Hier konnte ich mich im kühlen Nass treiben lassen.
Ich starrte auf die Eiche und genoss meine Privatsphäre und Freiheit. Das kalte Wasser traf meine warme Haut. Meine Gedanken wanderten zu Rex und seinen blauen Augen. Mein Körper fühlte sich dabei immer so heiß an, dass es in meiner Fotze juckte, berührt zu werden. Ich wusste, dass es eine Sünde ist, mich selbst zu berühren, sagte Vater immer, aber manchmal konnte ich es einfach nicht ertragen.
Ich habe Rex einmal ohne sein Hemd gesehen, seine Muskeln kräuselten sich unter seiner goldbraunen Haut. Er war sehr schön und stark. Meine Hand glitt meinen Bauch hinunter, als ich im Pool schwamm, und ich streckte die Hand aus, um den heißen Juckreiz zu kratzen, der aufgetreten war, als ich mir vorstellte, wie Rex seine hemdlose, gebogene, eng anliegende Jeans ausstreckte.
Wir waren jetzt beide achtzehn. Es würde nicht lange dauern, bis er mich förmlich umwarb. In ein paar Jahren würden wir richtig verheiratet sein und es würde endlich meinen Juckreiz ohne Sünde beseitigen.
Meine Hand ist nah.
Ich konnte es nicht ertragen. Es war, als wäre mein Körper zur Sünde gemacht. Meine Brustwarzen waren hart und wund, meine Katze war so heiß, das kalte Wasser streichelte sogar meine Vulva.
Meine Finger greifen in mein lockiges, schwarzes Schamhaar. Ich hielt es ordentlich getrimmt, genoss es aber, die zotteligen Büschel zu streicheln. Ich ging mit der Berührung dieses wunderbaren, sensiblen Knopfes zu Boden. Ich zitterte, die Elektrizität funkelt.
Es war noch nicht an der Zeit, mit meiner Klitoris zu spielen.
Meine Finger streichelten meine heiße Vulva und strichen über meine feuchten Lippen auf und ab. Ich schloss fest meine Augen und stöhnte, während ich mir vorstellte, wie Rex‘ starke Finger meine Intimität streichelten. Meine Beine wurden etwas breiter, sodass meine Finger besser greifen konnten.
Ich stöhnte, als das erste Zittern der Leidenschaft meinen Körper umhüllte. Ich streichelte härter und?
Schritte knisterten auf dem Weg.
Ich hielt die Luft an, drehte mich um und sank mit dem Hals ins Wasser. Ich war mitten im Becken, meine Zehen berührten den felsigen Boden. Ich betrachtete mein Kleid neben meinem Handtuch und Seifenstück. Wer kam? Meine Brüder wussten, dass es besser war, zu versuchen, über mich hinauszuwachsen; Meine Stiefmutter pflegte ihre Haut zu bräunen.
?Hallo?? Ich rief.
Reina bog mit einem breiten Lächeln im Gesicht um die Ecke.
Ich sehe, du stimmst mir auch zu? sagte Reina, als sie ihr Kleid aufknöpfte.
Ich bin erleichtert. Hallo Reina. Wie geht es deinem Bruder??
Reina gluckste und warf mir einen wissenden Blick zu. Oh, ihm geht es gut. Wir haben zusammengearbeitet und ein neues Feld hart vorangetrieben, aber es ist ein schweißtreibender Job und ich brauchte ein Bad.

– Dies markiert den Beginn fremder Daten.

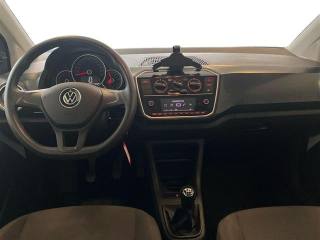 VOLKSWAGEN up! usata, con Climatizzatore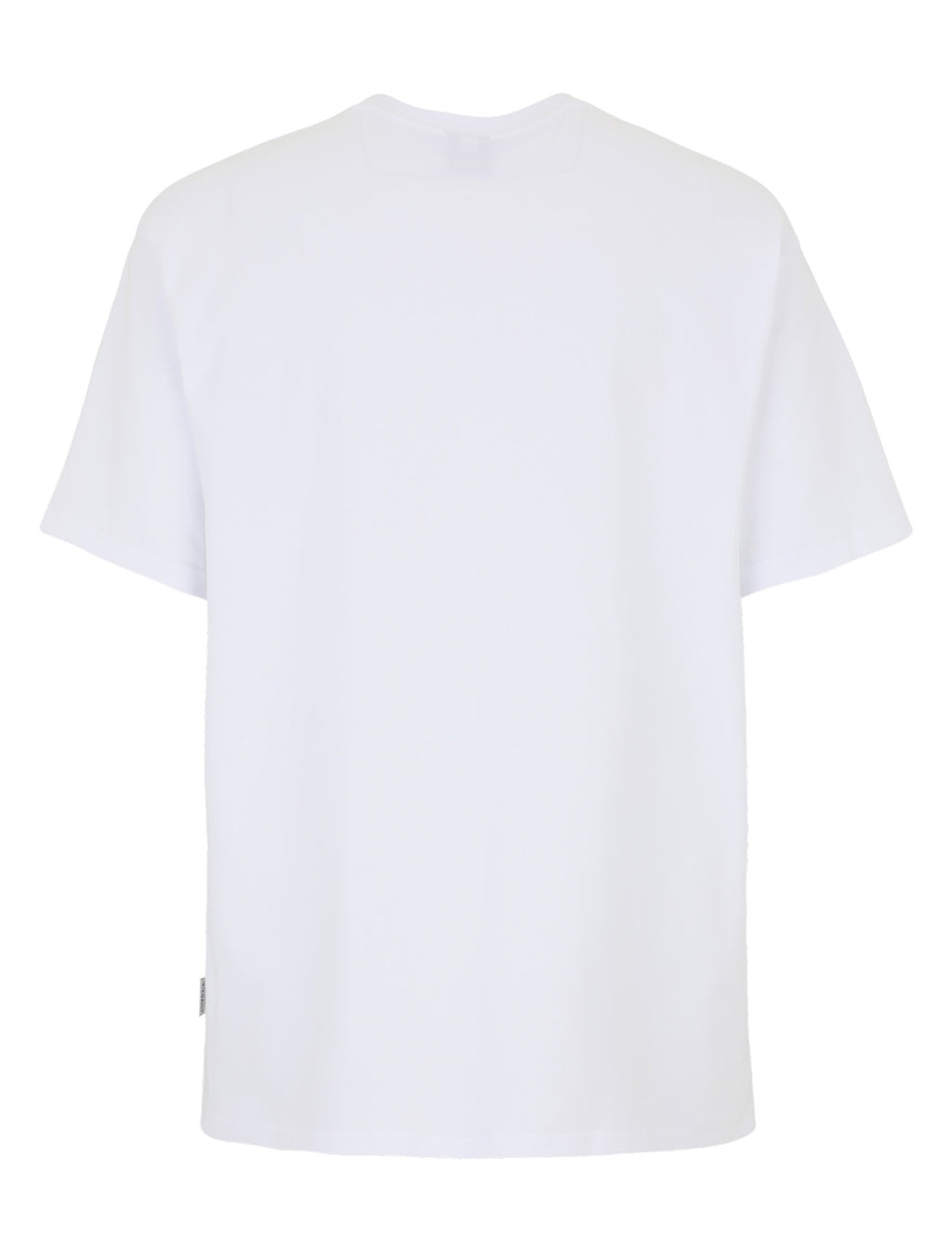 T-shirts korte mouw wit Iriedaily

Reinas Kleid verrutschte. Sie würde niemals einen Petticoat und eine Bluse unter ihrer Kleidung tragen. So schlimm kann sie sein. Ihre Brüste waren hellbraun und kleiner als meine. Ich versuchte, sie nicht zu sehr anzustarren, meine Katze juckte, als ich bemerkte, wie hart ihre rosa Brustwarzen waren.

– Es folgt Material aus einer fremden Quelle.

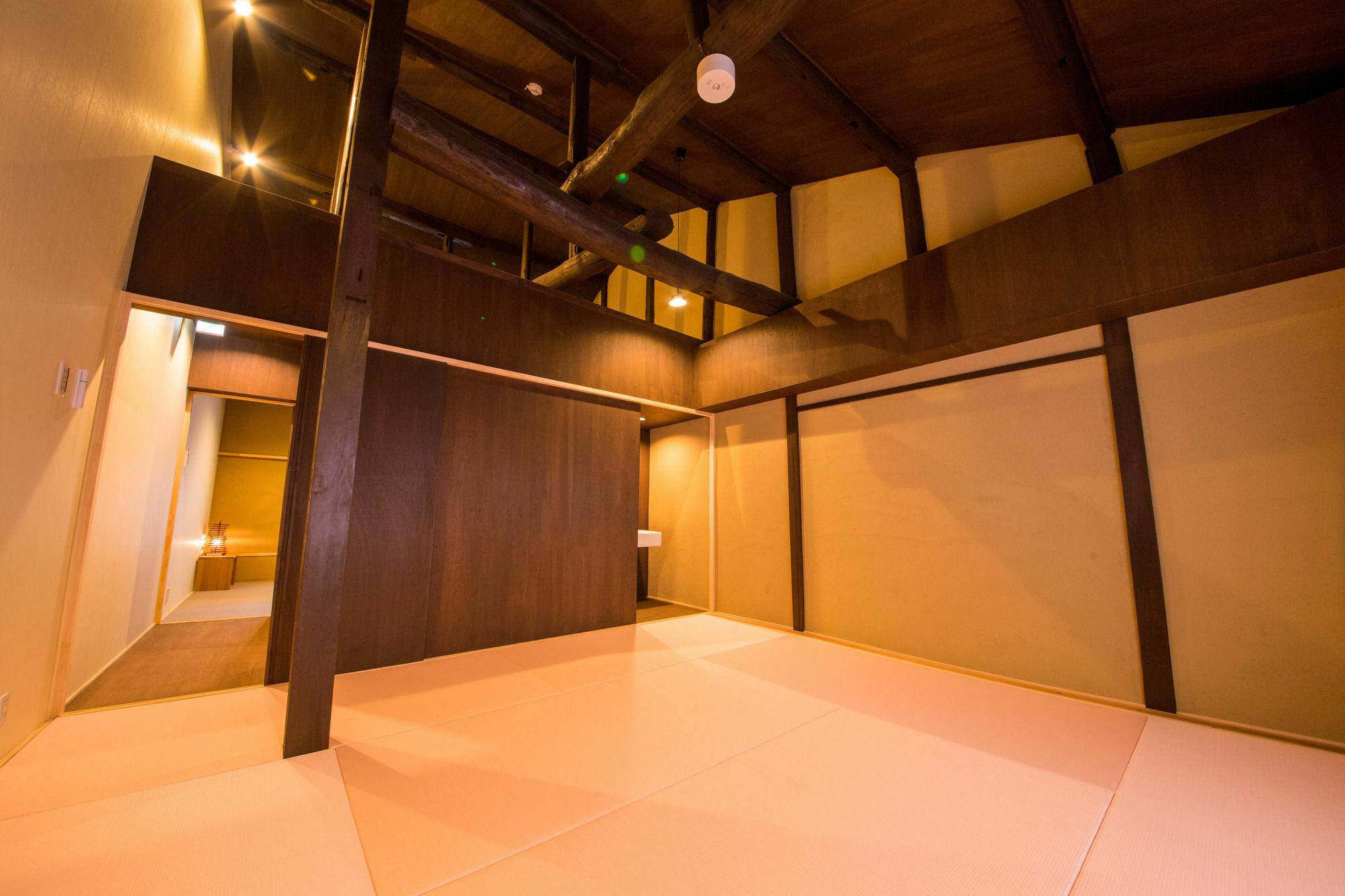 Japaning Hotel Kikoan 京都 外观 照片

Manchmal dachte ich an Reina so wie an Rex.
Reina nahm meine Seife auf dem Weg hinein. Wasche meinen Rücken für mich?
?Sicherlich,? Ich lächelte, nahm ihr die Seife aus der Hand und versuchte, nicht auf ihre rosa Brustwarzen zu starren, die knapp über dem Wasser baumelten.
Ich sollte kein Verlangen nach einer Frau haben. Das war noch unangemessener als meine Fantasien über Rex.
Reina löst sich von mir, zieht ihr dunkelbraunes Haar über ihre rechte Schulter und enthüllt ihren geschmeidigen Rücken. Ich schäumte ein Stück Seife zwischen meinen Fingern auf, legte meine Hände auf den Kiesstrand, bevor ich ihren Rücken auf und ab lief, meine Finger konnten nicht aufhören, ihr Rückgrat hinunter und auf ihren Hintern hinunterzulaufen.
Hör auf, Queenie.
Ich zwang meine Hände zu ihren Schultern, bevor ich ihre Seiten wusch, meine Finger juckten, um zu sehen, ob sich ihre Brüste genauso anfühlten wie meine. Oder zumindest so, wie er sich fühlte, als meins so klein war wie seines.
Ich widerstand meinem schrecklichen Drang.
?Alles ok,? sagte ich mit atemloser Stimme.
?Vielen Dank,? Reina lächelte, wandte sich ab, ihre Brustwarzen streiften meine geschwollenen Brüste. Es war sehr schwierig.
Meine Muschi war rot von der Hitze.
Lass mich deinen Rücken waschen.
?Sicherlich,? Ich sagte, meine Nippel sind zu hart. Ich drehte mich um, unfähig, meine schweren Brüste davon abzuhalten, seine zu berühren.
Reina näherte sich, das Wasser berührte meine Taille. Seine sanfte Hand strich über meine schwarzen Haare über meine Schultern. Du bist so blass? Sie kicherte, als sie ihre eingeseiften Hände auf meinem Rücken auf und ab bewegte, ihre Finger lösten sich.
Deshalb muss ich hier baden. Wenn der Schatten nicht wäre, würde ich so schlimm brennen.
Reina kicherte. ?Und es ist ein sehr abgelegener, intimer Ort.?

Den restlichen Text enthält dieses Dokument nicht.